Here, in order to find all the films ratings, we use DISTINCT rating, so that each film rating appears only once in the result set.

To retrieve all rent amounts from the film table, use the following statement:

SELECT
    DISTINCT rental_rate
FROM
    film;
 rental_rate
-------------
        2.99
        4.99
        0.99
(3 rows)

Here, in order to find all the film rental amounts, we use DISTINCT rental_rate, so that each film rental amount appears only once in the result set.
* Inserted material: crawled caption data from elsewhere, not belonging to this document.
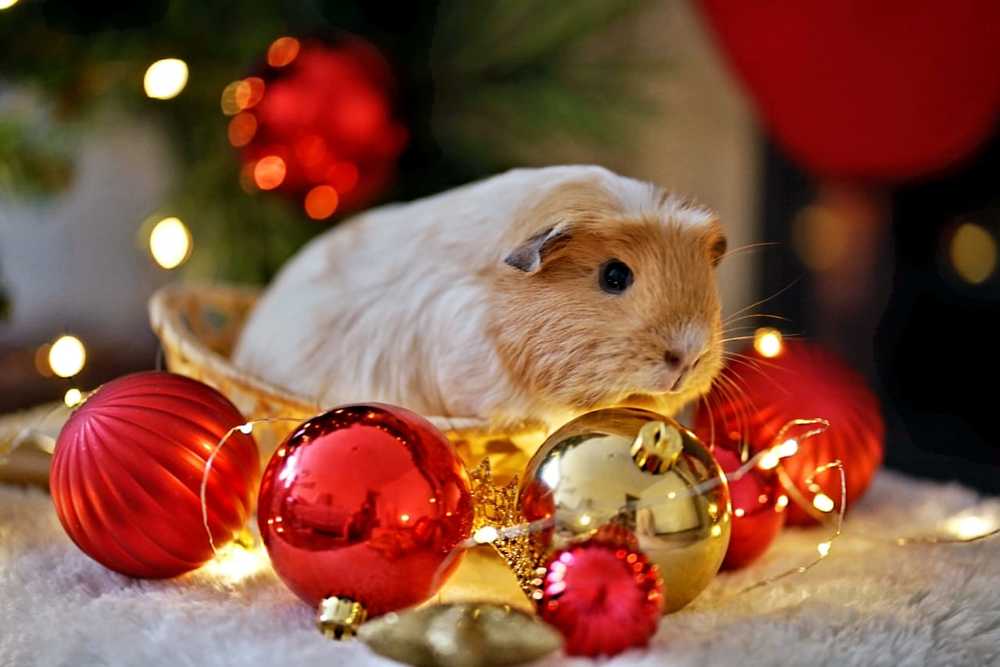 Photograph by Лиля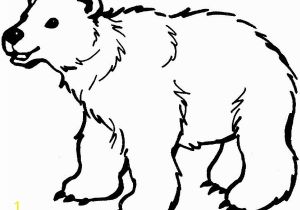 Arctic Animals for Kids Coloring Pages Polar Bear Coloring Pages Printable Polar Bear Coloring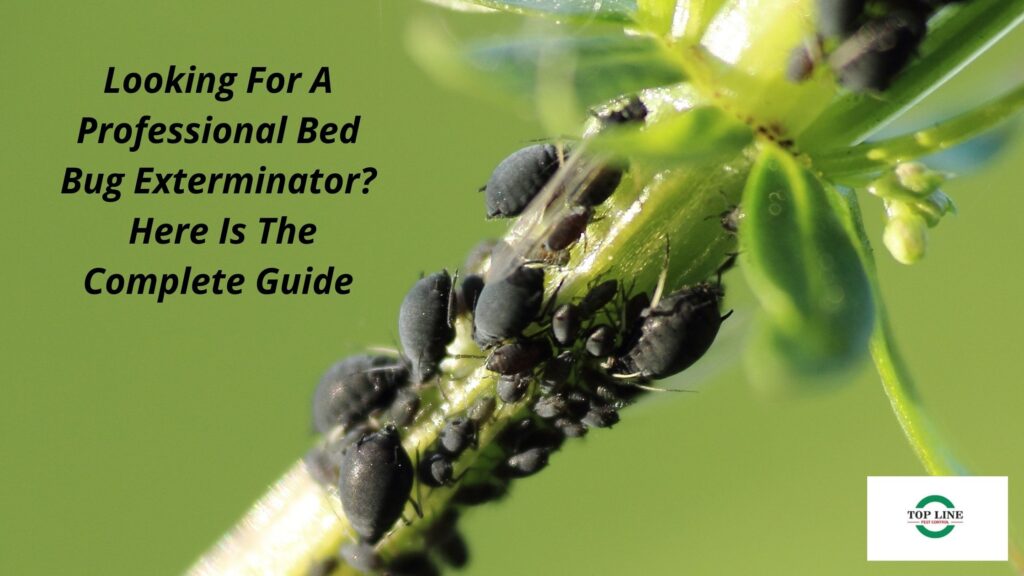 Looking For A Professional Bed Bug Exterminator? Here Is The Complete Guide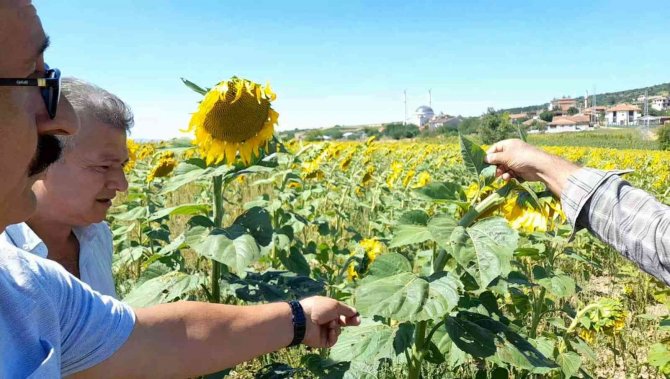 Bursa’da Ayçiçeği Tarlalarında Çayır Tırtılı İstilası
To retrieve all combinations of ratings and rental amounts from the film table, use the following statement:

SELECT
    DISTINCT rating, rental_rate
FROM
    film
ORDER BY rating;
 rating | rental_rate
--------+-------------
 G      |        0.99
 G      |        4.99
 G      |        2.99
 PG     |        2.99
 PG     |        0.99
 PG     |        4.99
 PG-13  |        4.99
 PG-13  |        0.99
 PG-13  |        2.99
 R      |        0.99
 R      |        2.99
 R      |        4.99
 NC-17  |        0.99
 NC-17  |        2.99
 NC-17  |        4.99
(15 rows)

Here, we used DISTINCT rating, rental_rate to find all combinations of film ratings and rental amounts. To make the output more readable, we use ORDER BY to sort the result set in positive order by film ranking.
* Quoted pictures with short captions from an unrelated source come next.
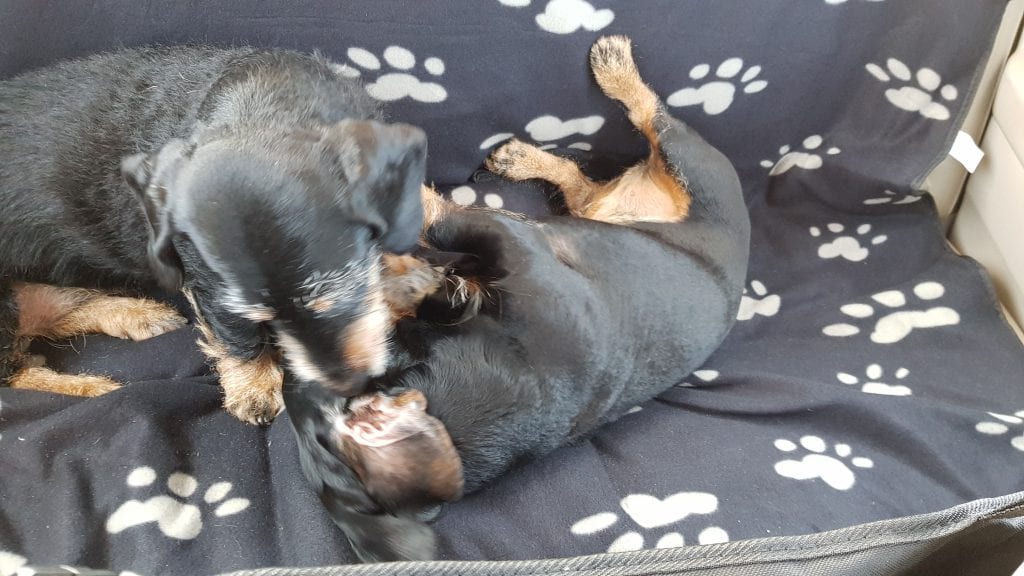 190405_hondenhangmat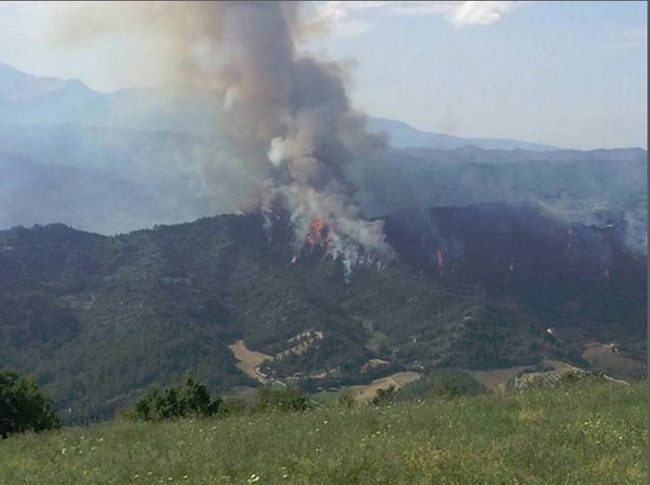 Ecco chi sono i quattro piloti coinvolti nello scontro tra Tornado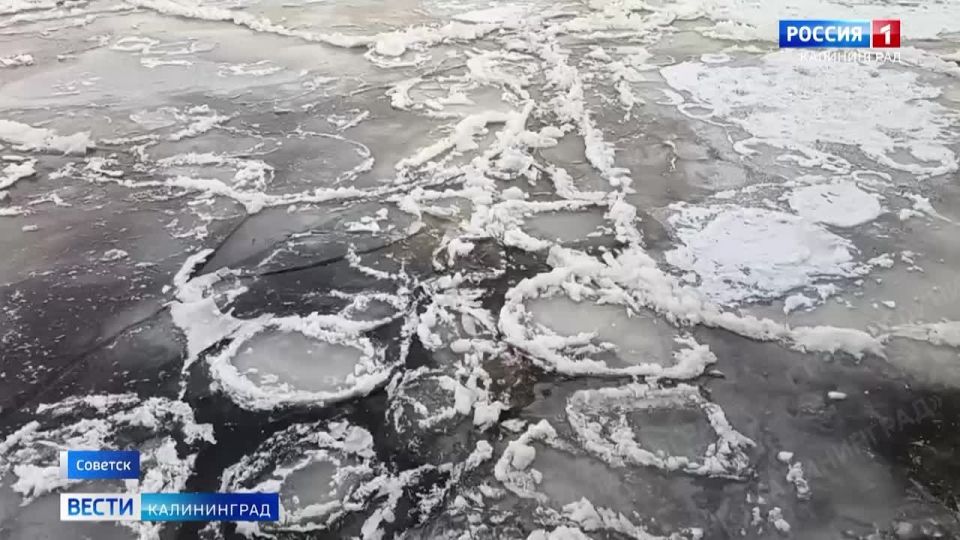 �������� ������ ���� ��� �� �������� ��������������� �������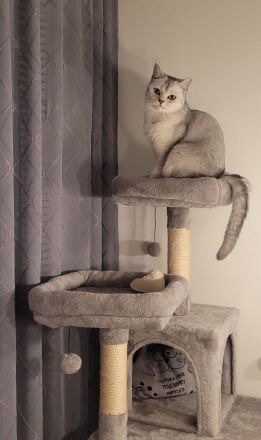 Süße BKH Kitten suchen ein neues Zuhause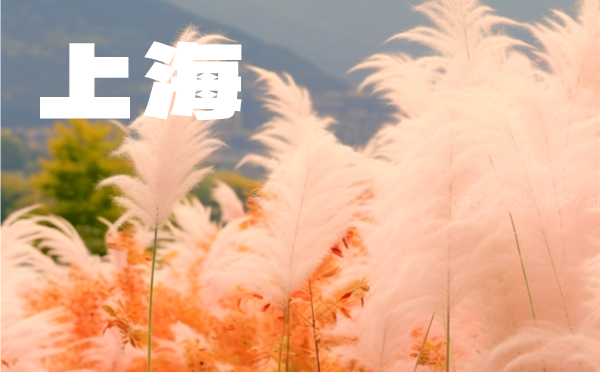 2022年上海高考分数线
If you want to return the first row for each set of films ratings, use the DISTINCT ON:

SELECT
    DISTINCT ON (rating) rating,
    film_id,
    title
FROM
    film
ORDER BY rating, film_id DESC;
 rating | film_id |      title
--------+---------+------------------
 G      |       2 | ACE GOLDFINGER
 PG     |       1 | ACADEMY DINOSAUR
 PG-13  |       7 | AIRPLANE SIERRA
 R      |       8 | AIRPORT POLLOCK
 NC-17  |       3 | ADAPTATION HOLES

DISTINCT and NULL

DISTINCT treats all null values ​​are the same, regardless of the field’s type, so only one null value is left from DISTINCT.
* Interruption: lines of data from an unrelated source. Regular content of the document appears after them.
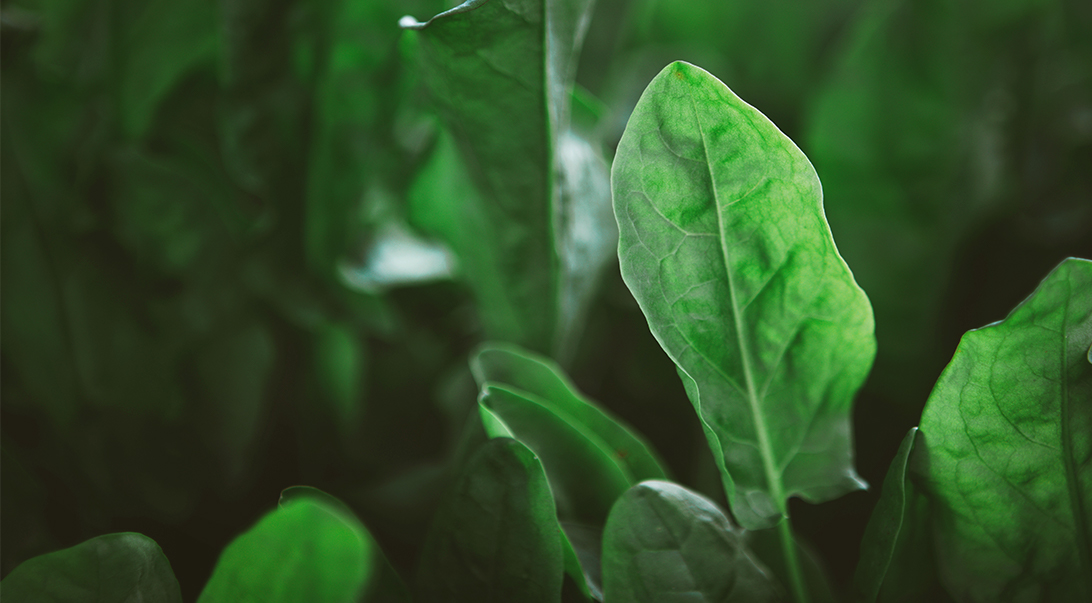Spinach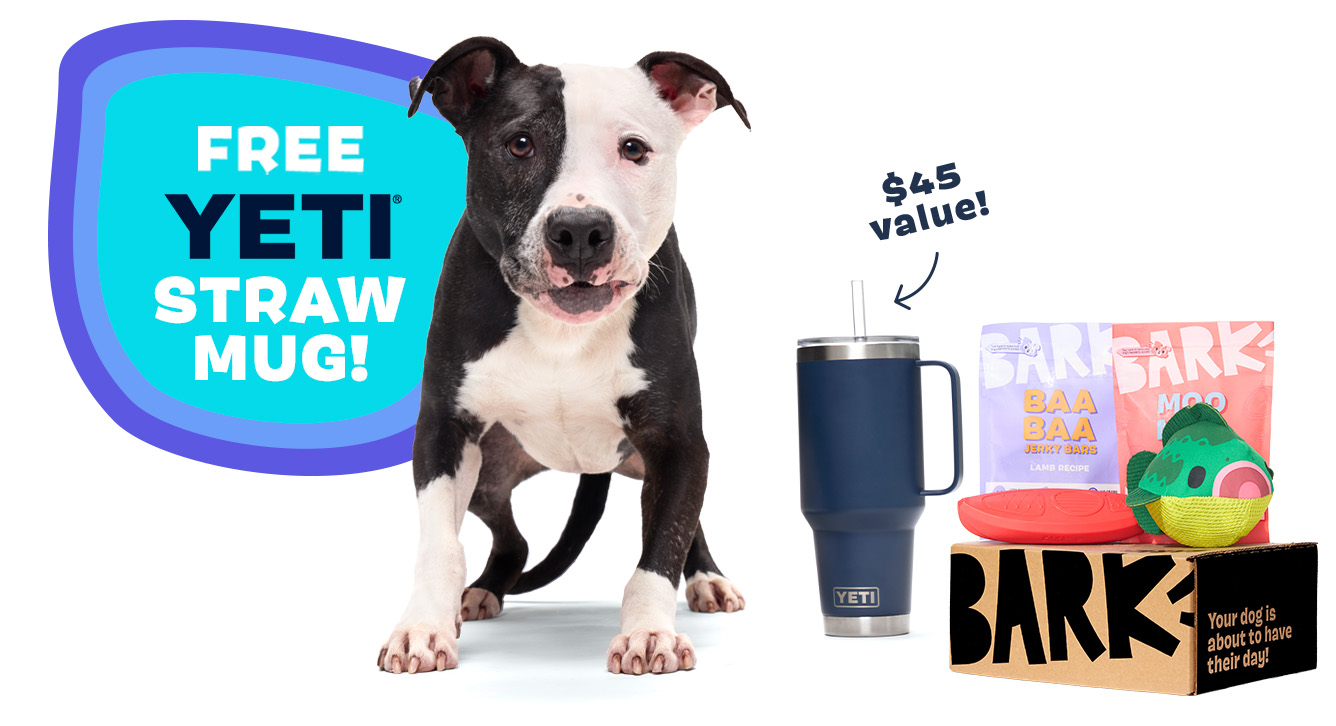 BarkBox & Super Chewer Deal: FREE Yeti Rambler Straw Mug With First Box ...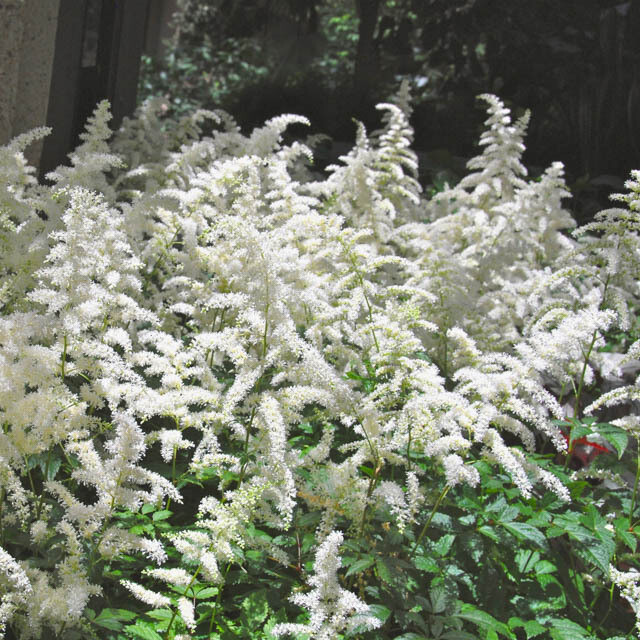 Astilbe &#39;Bridal Veil&#39; - 2 Gallon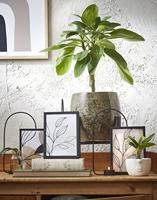 Mica Decorations Oliver Bloempot - H26 x Ø29 cm - Terracotta - Groen - thumbnail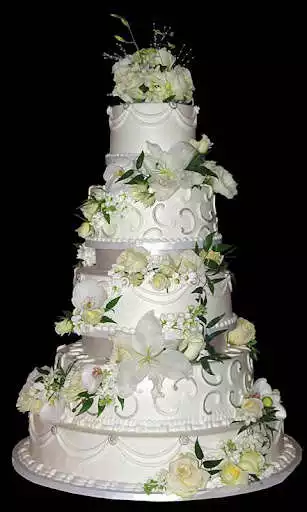 Play Wedding Cakes Ideas  and enjoy Wedding Cakes Ideas with UptoPlay
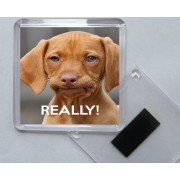 Really! - Square Acrylic Fridge Magnet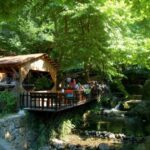 From Istanbul: Guided Day Trip to Sapanca and Masukiye - The Experience of Guides and Personal Touches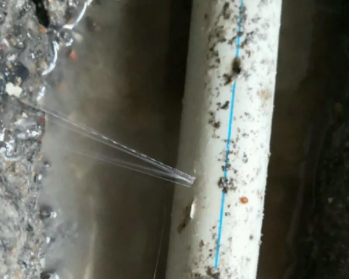 七里河卫生间测漏水多少钱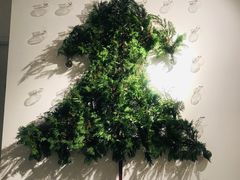 -张一元茶庄(望京店)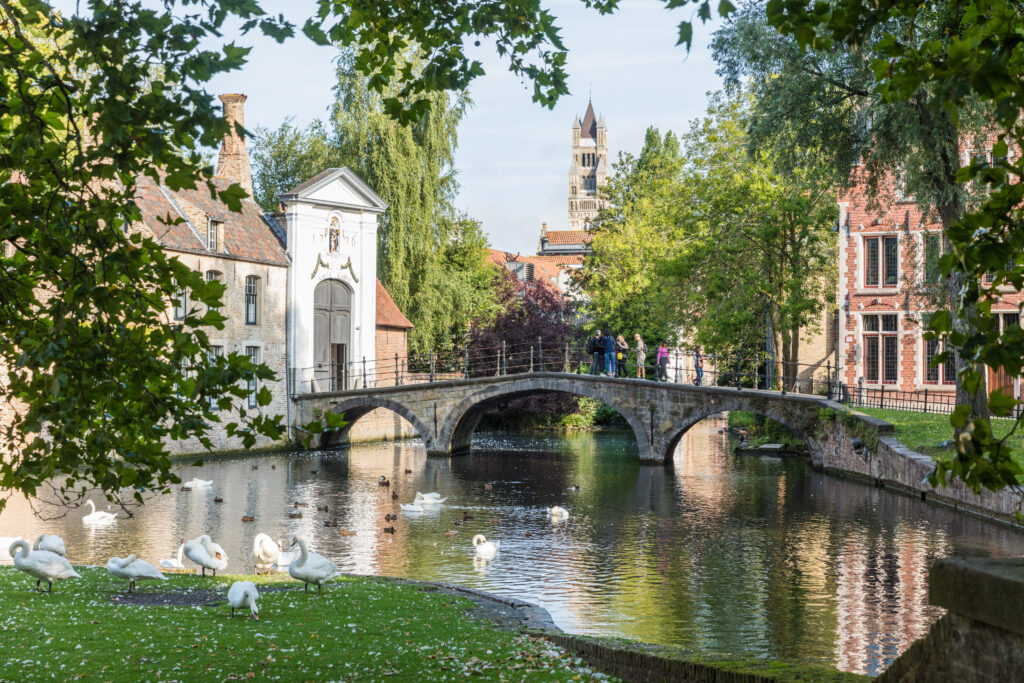 Typical Flemish canal with a group of geese in the foreground.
For example the following SQL statement returns multiple rows of NULL records:

SELECT NULL nullable_col
UNION ALL
SELECT NULL nullable_col
UNION ALL
SELECT NULL nullable_col;
 nullable_col
--------------
 <null>
 <null>
 <null>
(3 rows)

Here, we have 3 rows, each of which has a nullable_col column value of NULL.

After using DISTINCT:

SELECT
    DISTINCT nullable_col
FROM
    (
    SELECT NULL nullable_col
    UNION ALL
    SELECT NULL nullable_col
    UNION ALL
    SELECT NULL nullable_col
    ) t;
 nullable_col
--------------
 <null>
(1 row)

This example uses to UNION ALL simulate a recordset containing multiple NULL values.

Conclusion

This article describes how to use the DISTINCT to clear duplicate rows in a result set. The key points of the usage of the DISTINCT are as follows:

  • The SELECT DISTINCT statement returns a result set with no duplicate rows.
  • You can specify one or more columns after DISTINCT, or you can use it *.
  • The DISTINCT treat all NULL as equal and keep only one.
  • The DISTINCT ON is used to return the first row of each group of repeated values.